Monozygotic (identical) twins that are discordant for drug exposure serve as a natural quasi-experiment for the study of causal effects of drugs in humans (Fig. 3)117. If the correlation between drug use and brain structure is entirely genetic, the brain structure in monozygotic pairs discordant for substance use (or SUDs) would not be different. If, on the other hand, there is a difference in brain structure, then contributors beyond shared genetics and prenatal and familial environment are implicated. These contributors may be exposure-specific (that is, causal effects) or due to a person-specific third variables (such as early trauma that motivates substance use and, independently, modifies brain structure in that twin). While it is ideal to study identical twins, dizygotic twins and even non-twin siblings (close in age) can also be used to further parse non-genetic sources of similarity (for example, dizygotic twins are more closely matched for prenatal exposures than non-twin siblings).

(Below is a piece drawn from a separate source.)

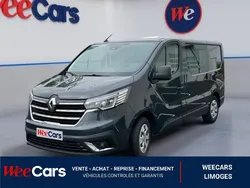 RENAULT TRAFIC ANTILOP FLEX 3 2.0 Blue dCi - 130 Grand Confort L2H1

Several studies have examined structural brain differences in twin pairs who vary in their drug exposure. In data from the Human Connectome Project118, it was shown that an association between cannabis use and reduced volume of subcortical structures were no longer apparent when cannabis-using individuals were compared with their co-twins or age-approximate siblings, consistent with the robust estimates of genetic correlation between cannabis use and subcortical brain volume119. Similarly, it was discovered that the correlations between alcohol consumption and insula and DLPFC volumes were primarily attributable to predispositional factors73. Instead of relying on discordancy for alcohol use alone, this study also contrasted brain structure in twin pairs in which both individuals were heavy drinkers as well as in pairs in which both individuals were light drinkers. Heavy and light drinking twins from discordant pairs did not differ in their gray matter volume and also did not differ from twins in pairs where both were heavy drinkers, suggesting that the reduced gray matter volume that is associated with alcohol use does not arise as a consequence of use. A recent series of studies of 436 24-year old twins from the Minnesota Twin Family Study120 document support for both predispositional and causal contributors to associations between substance involvement and cortical thickness. For instance, a thinner medial OFC among those with alcohol, tobacco and/or cannabis use disorders was attributable to predispositional risk, with some evidence that alcohol or cannabis use disorder may also contribute to these reductions121. In the same sample, an index of alcohol (but not cannabis) use was associated with a thinner cortex overall, with evidence that this reflects both predispositional risk and a potential consequence of alcohol exposure 122. Collectively, these analyses reveal that brain structure correlates of substance use and SUDs may reflect a predispositional liability to substance involvement, as well as a potential consequence of exposure.
Genetic predisposition.
Evidence for correlations between genetic variants identified in GWASs of brain imaging and those identified in GWASs of substance use and SUDs 89,90 suggest that associations between brain structure and addiction-related behavior that occur after the onset of exposure are confounded by preexisting pleiotropic liability. Thus, nearly any evidence for causation would also support predisposition. Ideal support for predispositional effects arises from studies of brain development in individuals before their drug exposure. Family studies provide persuasive support for such pre-existing brain differences in those genetically enriched for addiction liability123,124. Youth with a family history of alcohol use disorder have thinner frontal and parietal cortices111 and smaller frontal gray matter volume125, as well as larger gray matter volumes of the cerebellar lobes126, the NAc127 and the amygdala110,128, and task-related response variability in brain regions related to reward response and decision-making129–133 than those without such a family history. These studies provide compelling support for the association between family history of addiction and brain structure and function, which (in some instances) was investigated prior to substance use onset. They further support the neurodevelopmental hypothesis because family history of alcohol use disorder was also associated with early behavioral undercontrol134.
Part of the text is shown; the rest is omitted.